Combining your company and personal funds in the same account is one of the most common problems of a start up entrepreneurs, this is what we called commingling funds. It can be a serious problem and it leads you to a personal liability for your business debts if this can't prevent as early as now. It's best to maintain a separate bank accounts for your personal and business transactions as well as to keep you books diligently, that's why it is essential to have your company accountant/bookkeeper.
If the business they are building is still on a small scale, I think there is no harm in combining personal funds with their business funds because they can do good bookkeeping so they can know about their business income and also personal expenses, but if their business is on a large scale, of course this is It would be a problem if they combined their business funds and personal funds. It would be better to have two different accounts to avoid problems in their business income and expenses.
Quite reasonable, it is true that if the business they are running is small scale or means not too big in terms of the amount of income then I think I would agree with your assumption, that there is indeed nothing wrong if they mix money from their small-scale business with personal money for their living needs, one of the reasons could be because the amount of money from their business is not too large and they can still make records to just remember that the amount of business money in their personal account is so much.
On the other hand, if the scale of the business they run is quite large, then combining business funds with personal funds is really not recommended because it is clear that the amount of funds must be quite large and cannot be if they only rely on bookkeeping to simply separate personal money and business funds, and yes they need two account accounts to separate their personal funds and business funds. Although the actions of professionals who have known large or small-scale businesses but certainly this will not be too much of a problem if indeed the business they run is still small-scale with the state of the funds they manage is not too large.

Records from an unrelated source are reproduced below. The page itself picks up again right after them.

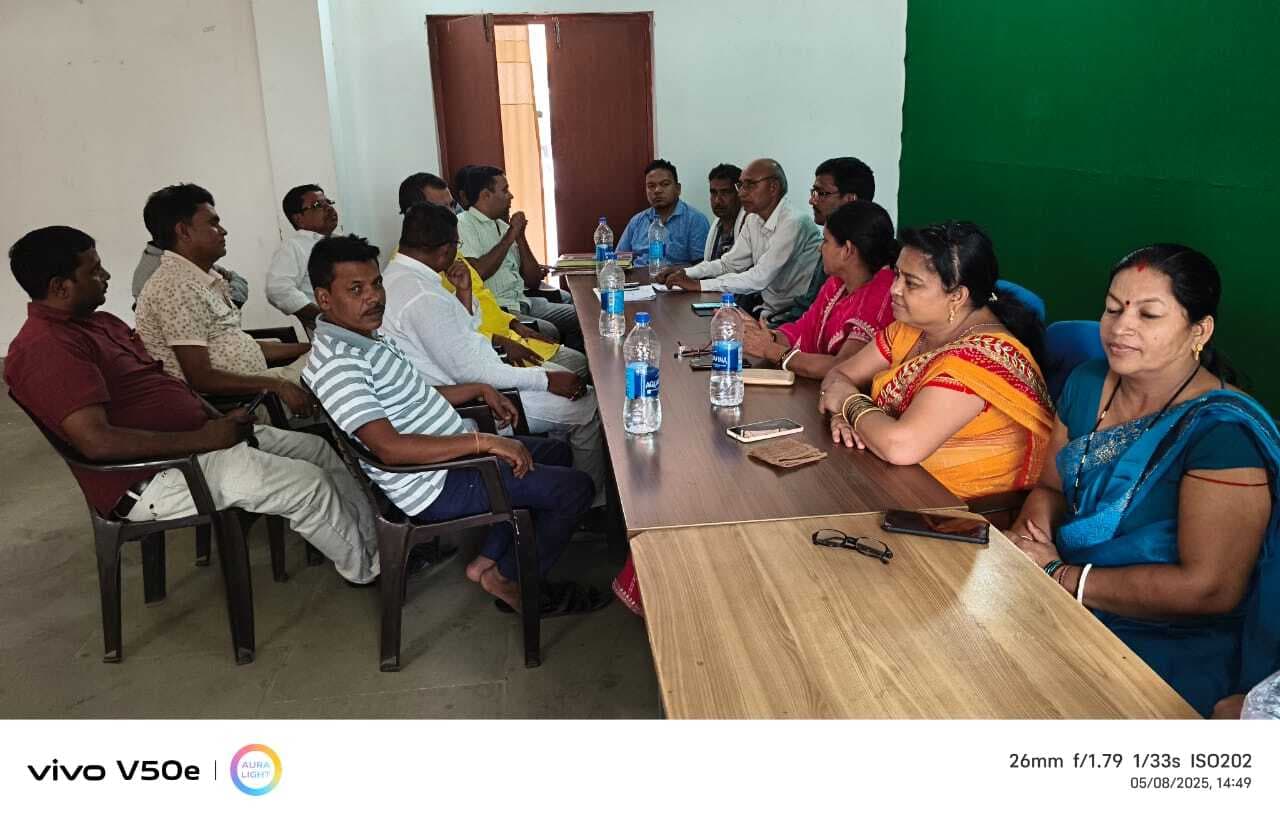 Giridih News :सामान्य प्रशासन समिति की बैठक में आय सृजन के स्रोत पर मंत्रणा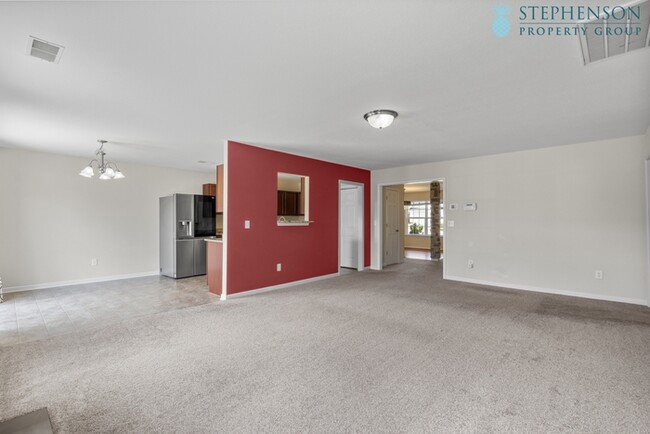 Building Photo - Freshly Remodeled 5 Bedroom with Primary B...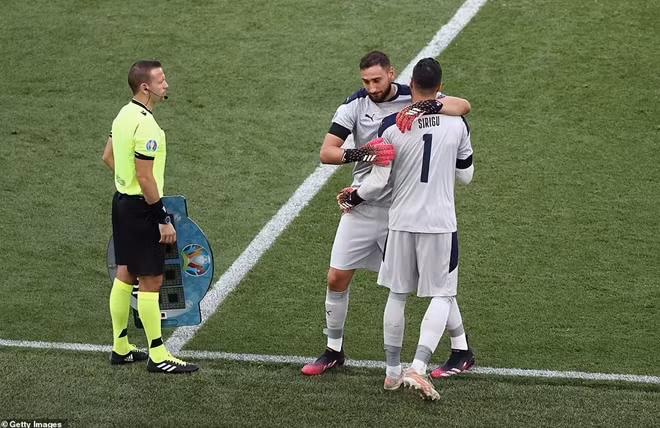 Italia chơi nhàn nhã, Azzurri thậm chí còn thay cả thủ môn...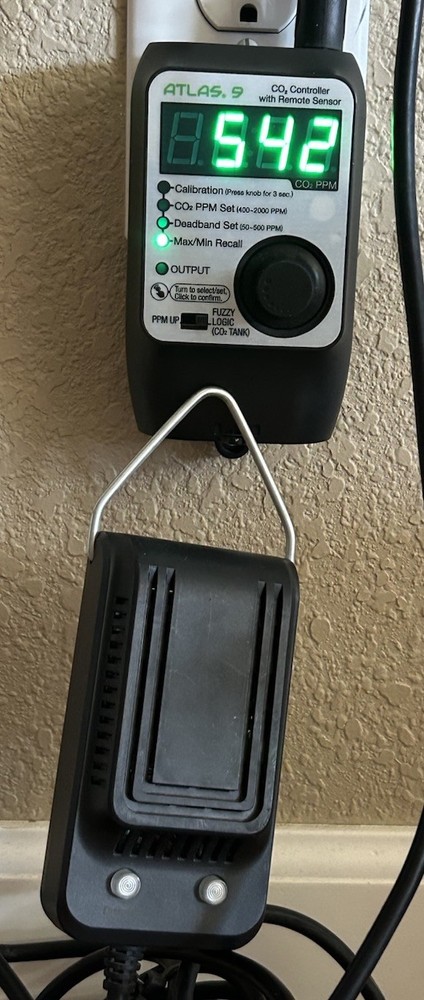 Titan Controls ATLAS 9 CO2 Controller with Remote Sensor 10 Amps/120Volt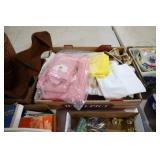 COLLECTION OF VINTAGE DOILIES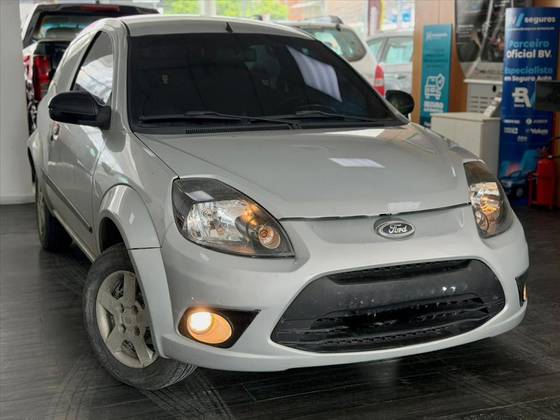 FORD KA 1.0 MPI 8V FLEX 2P MANUAL FORD KA 1.0 MPI 8V FLEX 2P MANUAL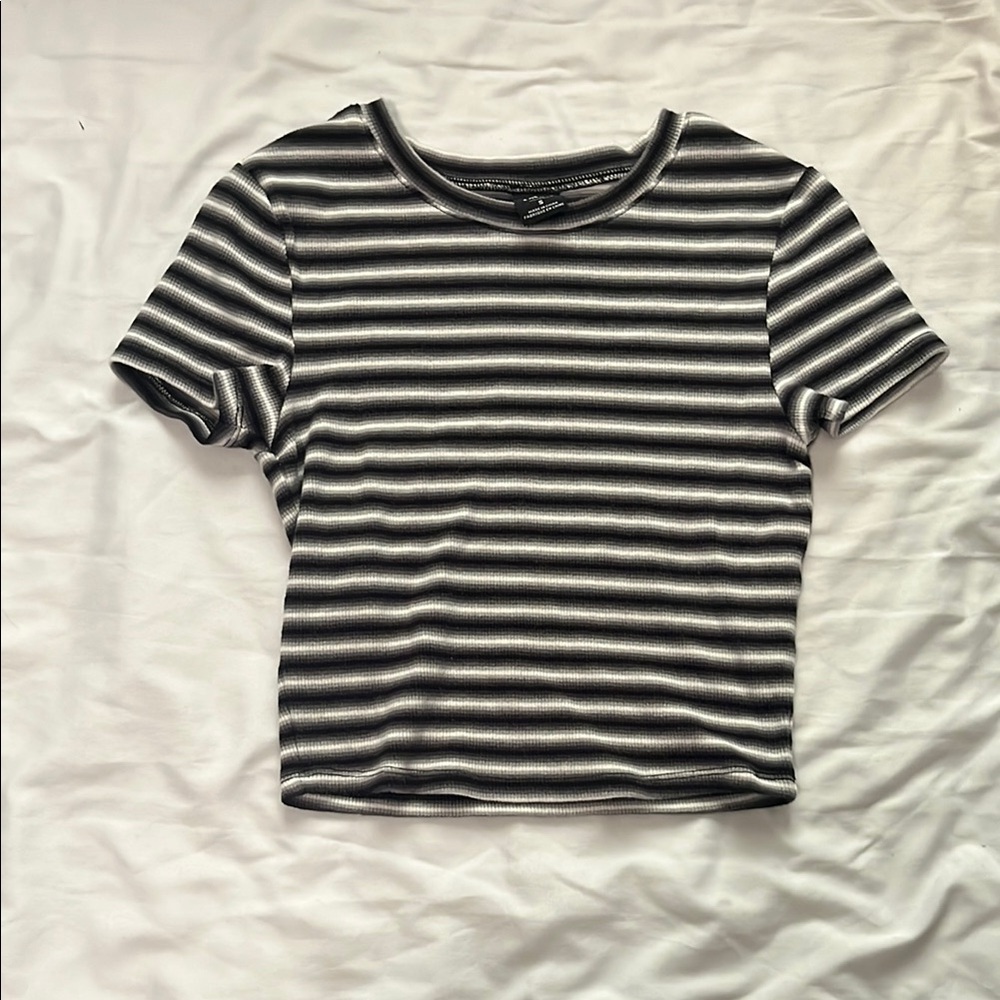 Zine Clothing Black and White Crop Fitted T-Shirt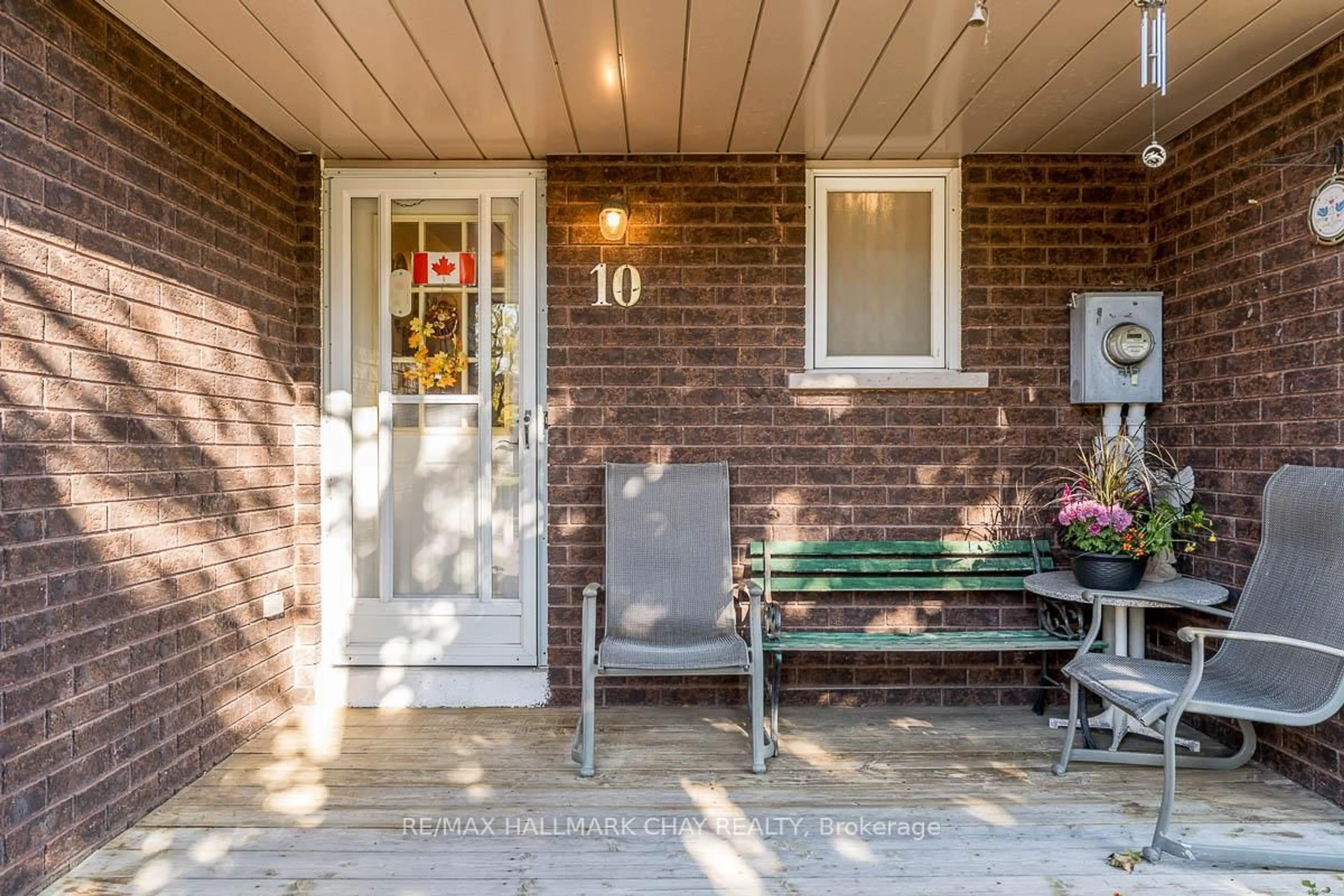Indoor entryway for 10 Riverley Lane #2, New Tecumseth Ontario L9R 1C5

For me, i would really be still making out that kind of separation on which it would really be just that be more organized when you do have a business whether its small scale or big scale then having those individual tallies and records would relaly be that much preferrable since you could really be able to easily tracked those incoming and outgoing funds. If you do have a personal acocunt for your personal money then it would be always
best that you shouldnt really be able to collide those funds that came from your investmentj so that you would really be having that a good track with your business expenses and profits on which it is really just the rightful thing to be done on a business if you do really want to see if its progressive or not. You would be able to make out some calculations and preparations basing up on on your sales on monnthly basis.
If you do tend to make some mix up or trying out not to separate then it would really be that confusing specially even if the transactions incoming and outgoing involved small amounts but the quantity would really be that making a mess on which tendency of errors and shortage could be possible.
This is why it would really be that best that you should really be separating those expenses to those business transactions not only just on having that a good track but also
you are really that tending to avoid on potential losses or errors that would be made up. It isnt easy but doesnt mean that you shouldnt really be putting up some emphasis into it.